As for Roe v Wade, forty years down the line, the war over abortion is as hot as ever.
No wonder the Court is leery of marriage equality, say the pundits. If the justices aren’t careful, their marriage decision could roil the waters for the foreseeable future! Far better to let time go by and continue to build a national consensus.
But the comparisons are simplistic.
Racism is perniciously infused into every aspect of our society, circulating through vicious concentric circles of economic, institutional and cultural biases.
As for abortion rights, whether you are for them or against them, the very subject here is life or death. Even as you advocate for the right to choose, you must acknowledge that the choice is one of the most difficult of a woman’s life, even when she is confident of her decision. No one is “for” abortion. Those of us for choice are “for” women, who must be given the final say on whether to reproduce. And while it’s not hard to dismiss political reactionaries on the other side, it’s easy to understand the average person who disapproves of abortion. All of us share a reverence for human life, and that underlying consensus complicates the debate.
But marriage equality? Does anyone beyond the fringe right really believe that marriage equality is destined to divide America for years to come? Is homophobia an institutional problem in this country? Increasingly the answer is moving towards no. Is there a fundamental human debate here? Does anyone really think giving legal rights to a lesbian family gives rise to the most profound philosophical dilemma? Most would say no.

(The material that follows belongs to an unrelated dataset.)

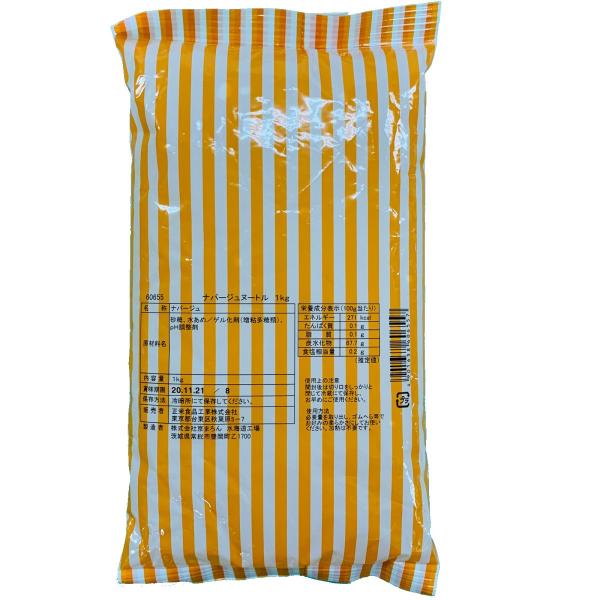 ●洋菓子やデザートの上掛けゼリーです。加水、加熱せずお好みの柔らかさになるまで撹拌し使用できる非加熱タイプです。フルーツ、ムースなどがつやつやに仕上がります。●内容量:1kg●配送について商品を緩衝材で梱包し、宅配用の封筒に入れて発送させて...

I don’t know how else to put it but, in this context, marriage equality is just not that big of a deal. Further, the faith-based opposition to homosexuality in general is destined to erode, just as faith-based belief in white supremacy could not survive an evolution in religious doctrine. For every Christian who claims his faith demands rejecting gays, there are two more who claim the opposite. Just this week, as you probably read, a major Catholic conference of bishops announced what I guess you’d call a new chapter in the Church’s relationship with its gay and lesbian adherents.

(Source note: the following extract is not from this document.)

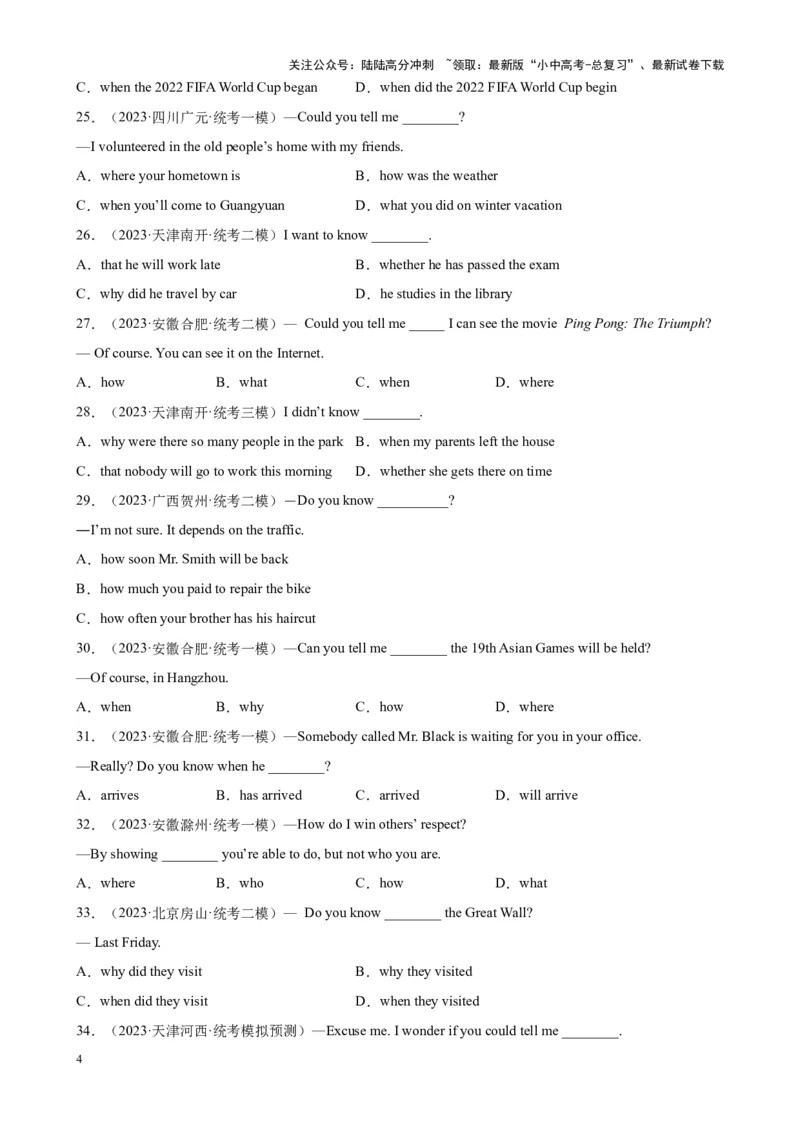 专题01宾语从句100题_02中考总复习（2026版更新中）_03-英语-中考总复习_2024年中考复习资料_专项复习资料_备战2024年中考英语单项选择百题分类训练（中考真题+名地最新模拟题）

In other words, the Court’s hesitance is misplaced. Gay and lesbian couples exist and proliferate regardless of court rulings. But allowing the country to treat these families like legal strangers has become untenable. Nor is there any reason to pussy foot around the problem like a nine-member bomb squad trying to disarm a nuclear warhead. Just cut the little red wire like they do on TV. Or maybe the yellow one.
Whichever, it’s not going to explode.